2024年、移転リニューアル。挑むは10年、20年先を見据えた店づくり
名古屋・東区。食の感度が高いゲストを唸らせてきた「イル アオヤマ」が、市内で移転したのは2024年1月のこと。大通りに面した、濃いグレーを基調にした建物が、シャープで落ち着いた空気を醸し出している。エントランスを進み、オープンキッチンのフロアへ。シックな色調で洗練された空間に、心が浮き立つだろう。

オーナーシェフ・青山直之さん曰く「お客様の目の前で調理をするオープンキッチンの形式は、前の店と変わりません。ですが、新しい店は、内装や家具、厨房の細部に至るまでブラッシュアップさせました」。

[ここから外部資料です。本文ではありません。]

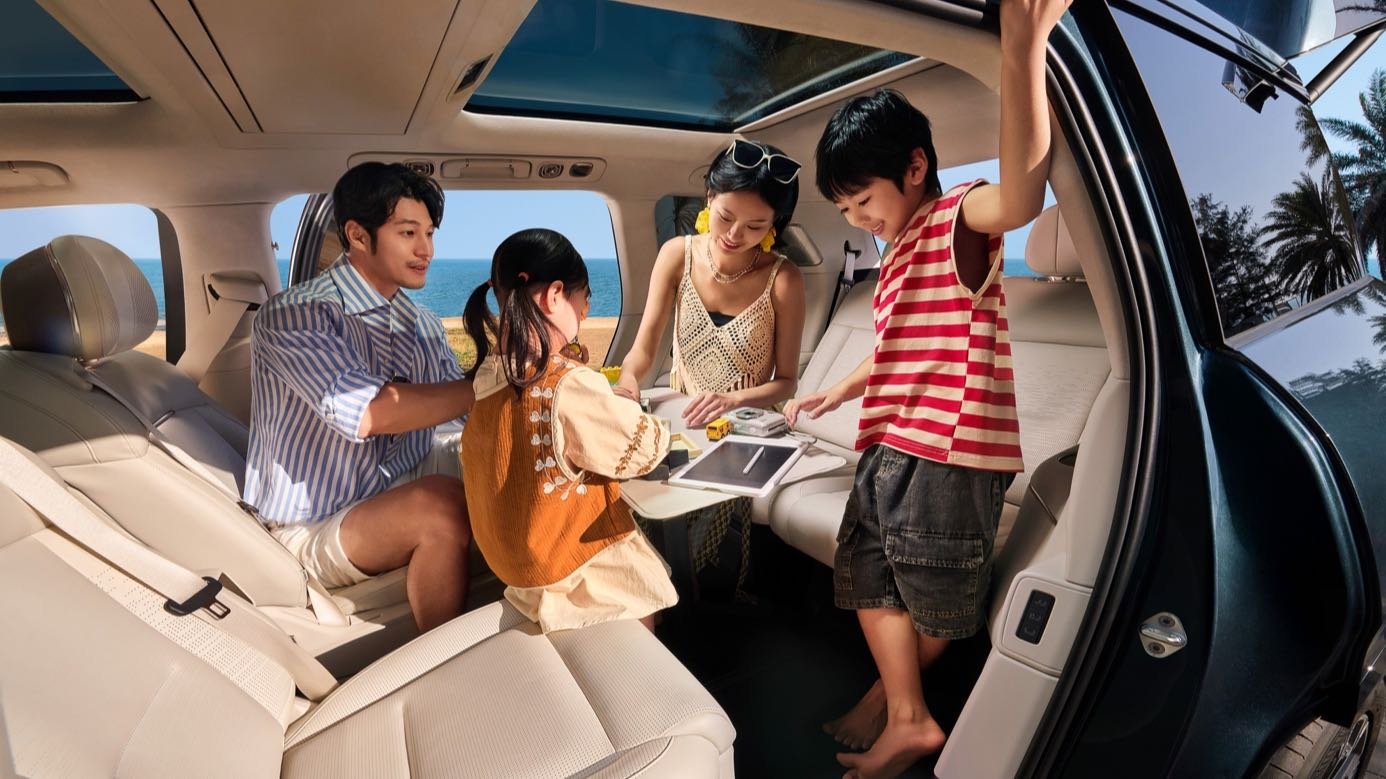 【中國·上海】2025年4月28日,領克汽車旗下全新旗艦力作領克900正式上市,推出1.5T Halo、1.5T Ultra、2.0T Ultra 、2.0T探索版四大配置,限時售價28.99萬元至39.69萬元。 【圖:領克900上市價格及權益】 目前,領克已服務全球超140萬用戶,成為立足中國、輻射世界的高端品牌標杆。面向新能源未來,領克聚焦通過資源整合與前瞻技術創新,拓寬品牌發展邊界,將加速推出更具競爭力的產品矩陣,服務更廣泛的用戶,覆蓋更豐富的場景,進入全球更多市場。 【圖:領克900】 領克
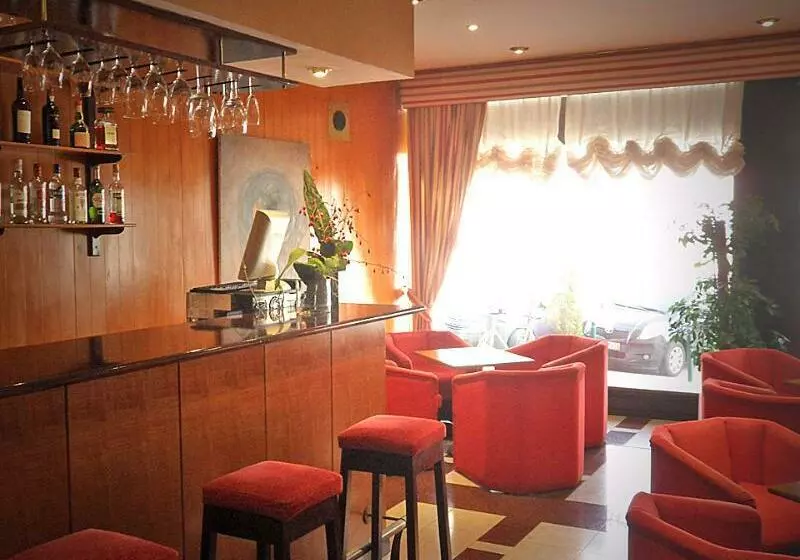 Fotos del hotel Jorge V:  10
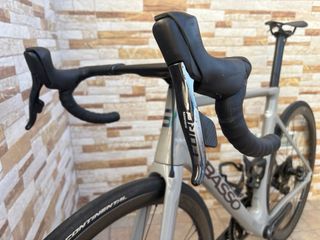 BICICLETA CARRETERA BASSO ASTRA. CARBONO. Talla M.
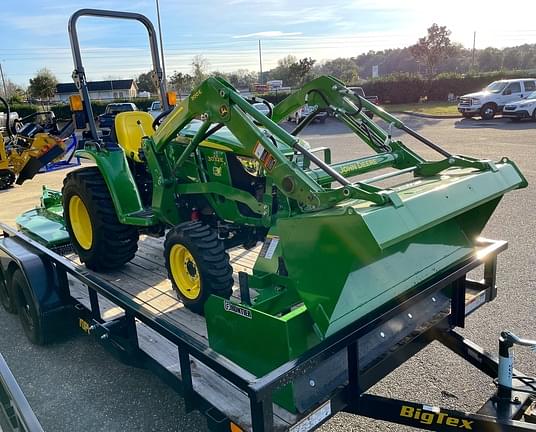 Image of John Deere 3032E equipment image 2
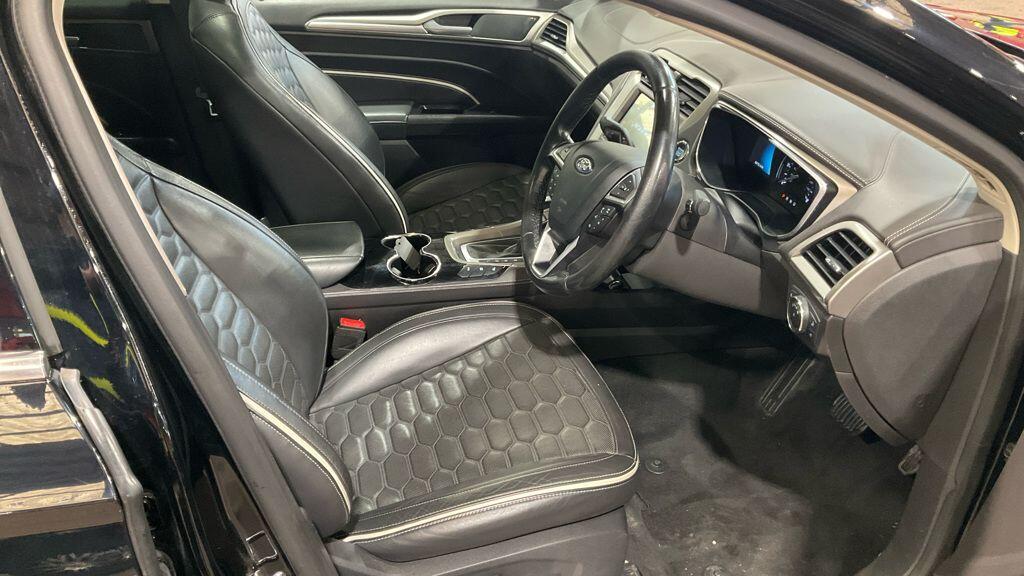 Used Ford Mondeo 2017 for sale - 76360755: Photo 3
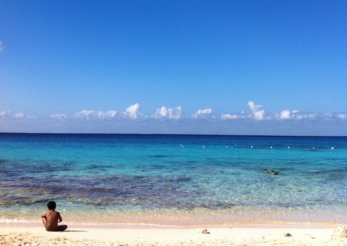 Cozumel, mar azul no México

クルミ科の広葉樹・ウォールナットを用いた一枚板カウンターには、ゆったりと配した席が9席。木目と白壁、黒壁のシンプルな色調のなか、手入れの行き届いた美しいオープンキッチンが広がる。「新しい店づくりをする上で、建築の勉強もしました」。驚くことに、青山シェフは自らが1/100サイズの図面を描き、ハウスメーカーを渡り歩き、現店舗の施工が実現したという。真鍮をあしらった炭台に至るまで自らが設計した。「お客様に寛いでいただける空間づくりはもちろんのこと、10年、20年先を考えた店づくりを視野に入れました」と青山シェフ。ストイックな青山シェフらしい美意識が随所に光る。
「賞をいただき感じたことは“初心忘るべからず”」
2014年に独立をして11年。「イル アオヤマ」は「The Tabelog Award」において初ノミネート。時を同じくして見事「Silver」を手にした。
受賞の思いを青山シェフはこう話す。「全国のシェフたちが集う授賞式に参加させていただき、うれしい反面、気が引き締まる思いでした。独立して10年以上経てば、慣れてしまう部分もあります。今回の受賞がきっかけとなり、当時の貪欲さなどを思い出しましたね。気持ちをリセットできる良い機会をいただけたと感じています」

青山シェフといえば、和のエッセンスを落とし込んだ精妙なイタリアンで名を馳せる。しかし独立後、数年は「こんな料理はイタリアンじゃない」と言われたこともあったという。しかし信念を持ち、ブレずに突き進んできたからこそ、今がある。「今回の授賞式では“初心忘るべからず”という言葉を改めて実感させていただきました」と言って微笑む。